Enable the upload.module, and make sure that the 'jpg' (lowercase!) is in the allowed file extensions for upload.
Then write a new node and attach a .JPG (UPPERCASE!), Drupal bails out..
I have absolutely no clue why, but it seems that the file extensions are not handled equal when you look at the lowercase vs. uppercase filenames..

#1
#2
Stefan, what browser were you using when you encountered this?

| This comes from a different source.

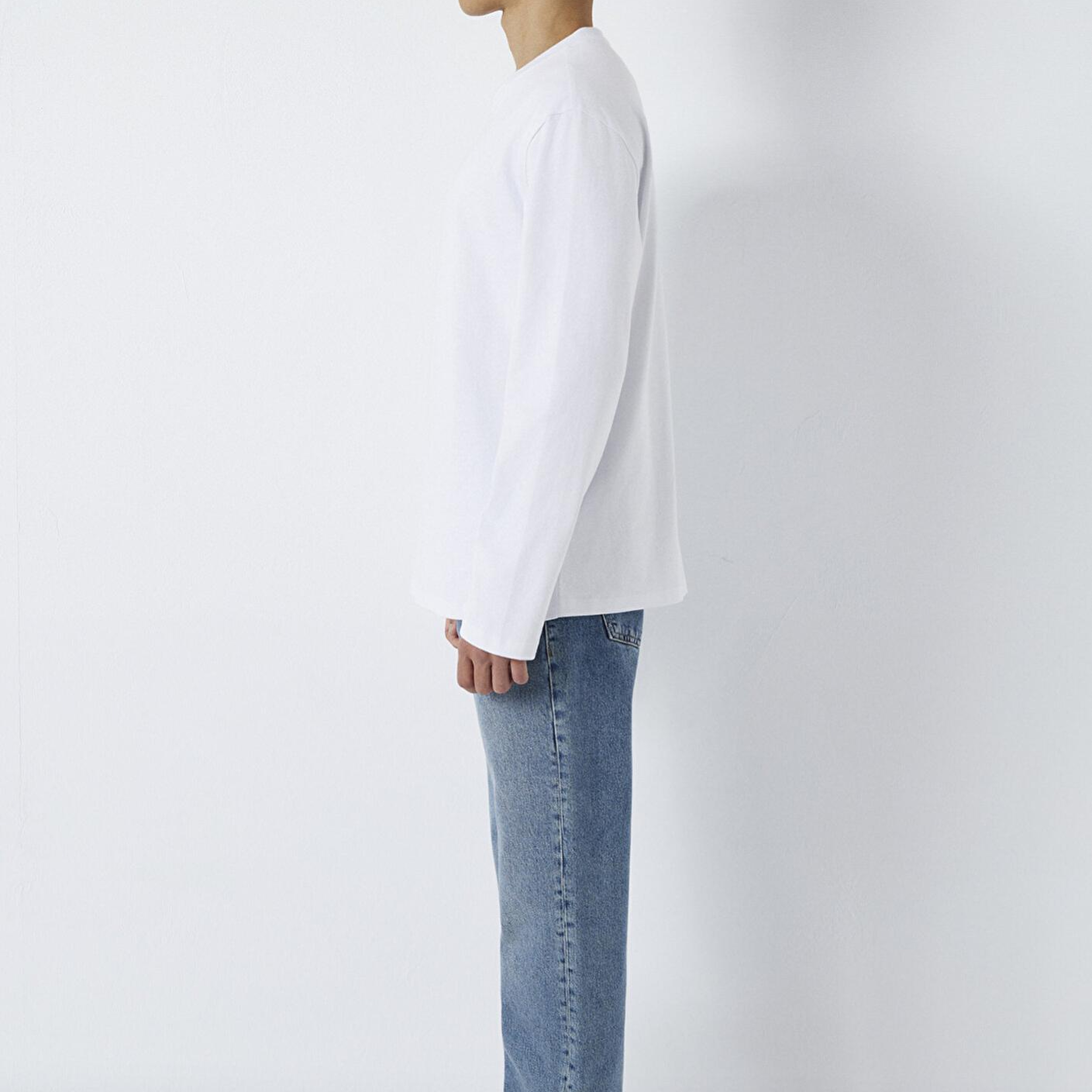 Mavi Uzun Kollu Beyaz Basic Tişört Loose Fit / Bol Rahat Kesim 0613170-620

I have been unable to reproduce this error and have tested in Opera 9.25 win,Firefox 2.0.0.11 win, Firefox 3.0b2 win, IE6, IE7.
#3
I tested it with "Mozilla/5.0 (X11; U; Linux i686; en-US; rv:1.8.1.11) Gecko/20071204 Ubuntu/7.10 (gutsy) Firefox/2.0.0.11" and everything was okay, but I think there is something other problem with Konqueror 3.5.8:
when I select a file to upload and push the "Attach" button there is no http POST to the server just "Please wait..." text and the animated graph is showed.
#4
I have been unable to replicate this. I have tried with FF 2, latest Opera, and IE7. Perhaps there are some strange server settings in place?
#5
Tested with Mozilla/5.0 (X11; U; Linux i686; en-US; rv:1.8.1.12) Gecko/20061201 Firefox/2.0.0.12 (Linux Mint) and with Konqueror 3.5.6 (on KDE 3.5.6) and it works perfectly well with uppercase and lowercase extensions, despite the fact only the lowercase extensions are in the permitted list. I am unable to replicate the issues posed.
#6
I'm using Safari 3 on Mac OS X 10.5..
I'll see if I can make a list on how to reproduce this more easily, including information about the server (which is not very important, according to the issue imo).

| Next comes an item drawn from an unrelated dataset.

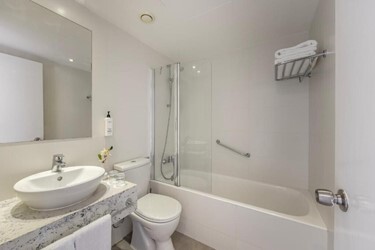 One Bedroom Apartment Side Sea View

I'll get back later to ou guys...
#7
I've tested on a fresh install on Safari 3 on OS X Leopard and I can't recreate the problem...
#8
People cannot reproduce this, and frankly, file names (including their extensions are case sensitive). You might enforce a policy of lowercase extensions only with your Drupal settings if you want to.